Nel caso in esame, l'impiego delle "terre
rinforzate" si è rivelata una soluzione particolarmente
versatile che ha permesso di riutilizzare il materiale precedentemente
franato e quello derivante dalla sistemazione del versante soprastante,
per la realizzazione di un rilevato paramassi, opportunamente
rinforzato, allo scopo di diminuirne la sezione data la vicinanza
della strada e creare un "vallo" a tergo della struttura.
La scelta del tipo di barriera è avvenuta inoltre con l'impegno
di integrare il manufatto nell'ambiente circostante.

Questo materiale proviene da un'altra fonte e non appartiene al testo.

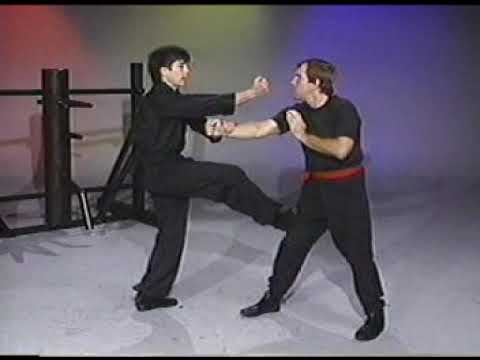 Video Randy Williams - Wing Chun Dummy Drills | Martial arts... - youtube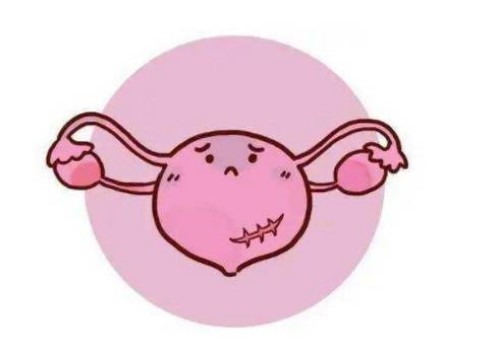 多囊女性吃这些食物可以让你的卵泡发育更好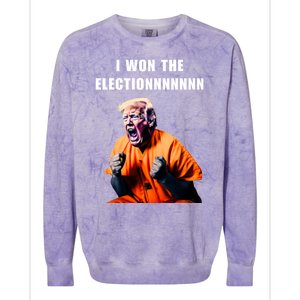 I Won The ElectionFunny Trump Prisoner Halloween Costume Colorblast Crewneck Sweatshirt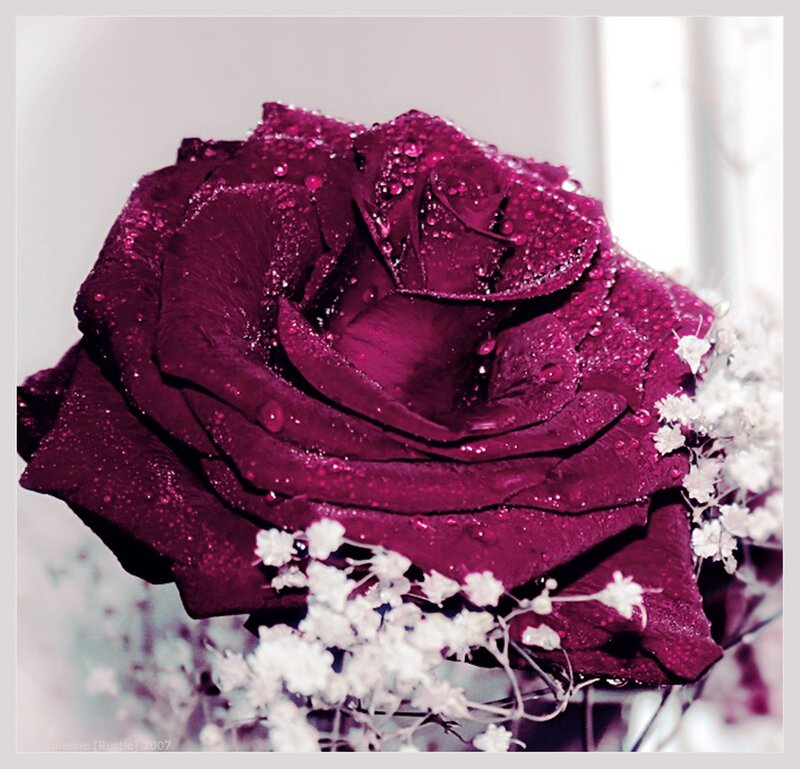 Purple Rose with Dew — Serene, Photograph, Dew Drops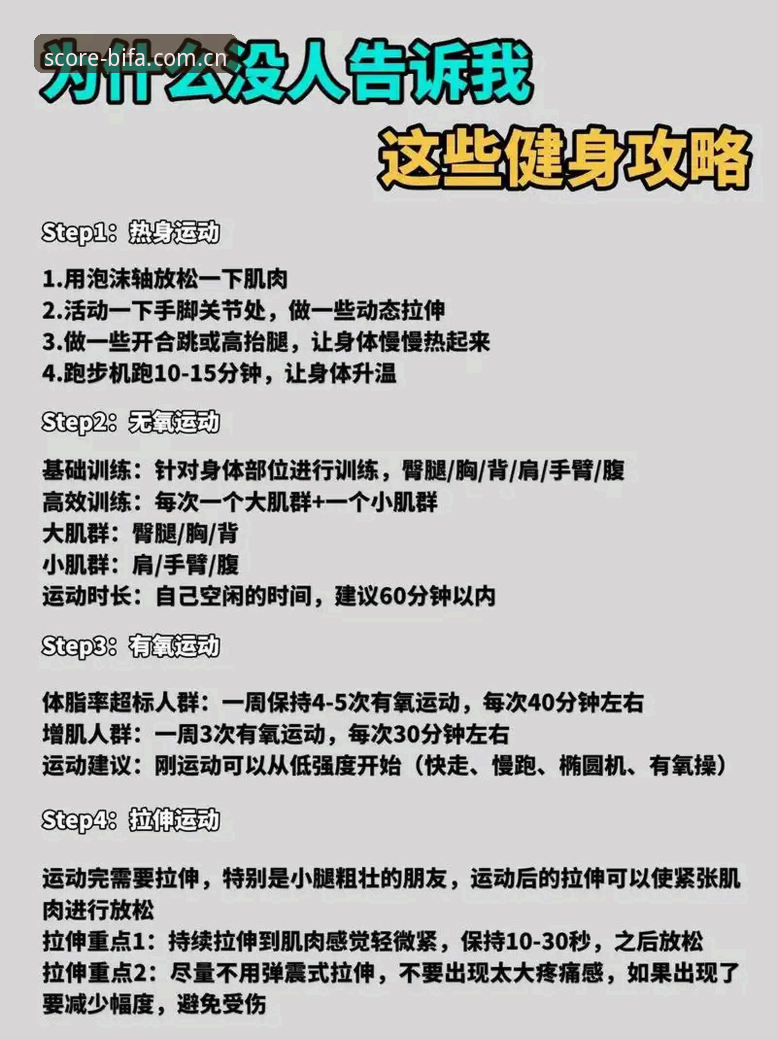 新手必备：必发体育平台使用指南全面解析，从入门到精通只需三步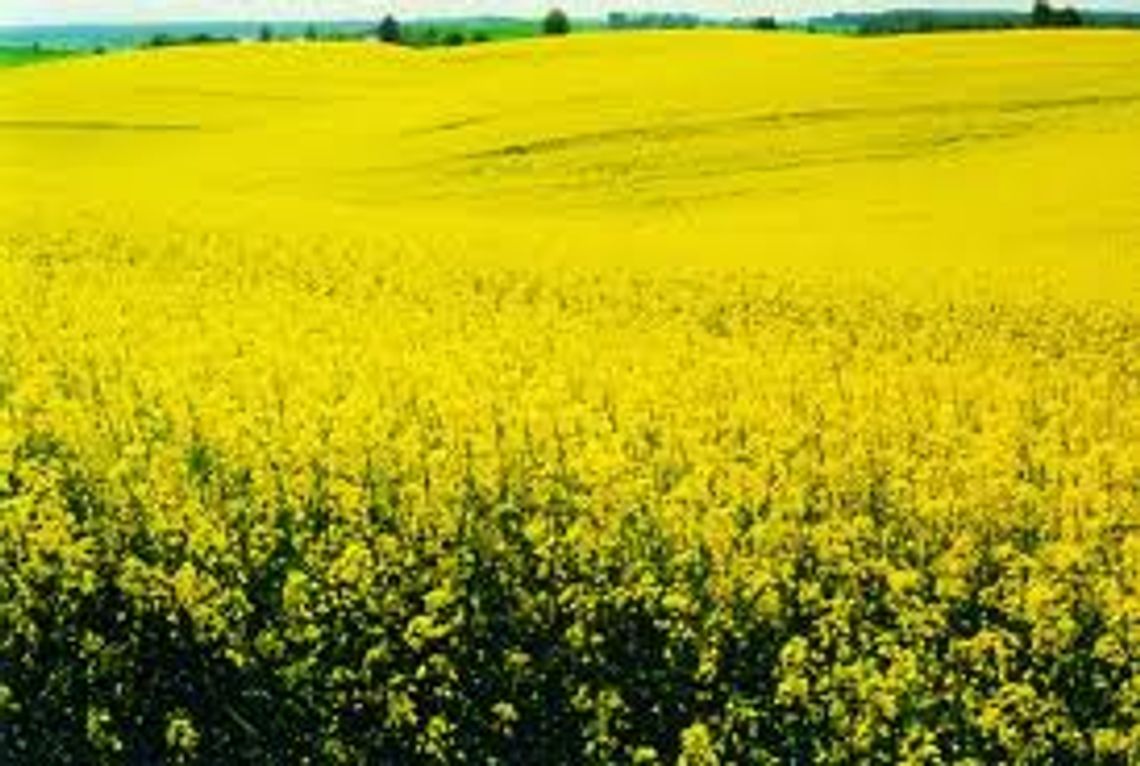 Zginął rolnik. Wypadek przy magazynowaniu rzepaku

Situazione precedente alla sistemazione
del versante
Inquadramento geologico-geomorfologico
e analisi della caduta massi
E' stata eseguita un'analisi dei dissesti che interessavano
il versante oggetto dell'intervento, allo scopo d'individuare
e descrivere i fenomeni di dissesto, con particolare attenzione
alla tipologia, stato di attività, possibile evoluzione
e pericolosità, per poi arrivare a definire gli interventi
di messa in sicurezza e di sistemazione definitiva. L'analisi
è stata svolta mediante l'esecuzione di un rilevamento
di dettaglio dell'area e di un significativo intorno, con la
successiva analisi e interpretazione delle dinamiche in atto.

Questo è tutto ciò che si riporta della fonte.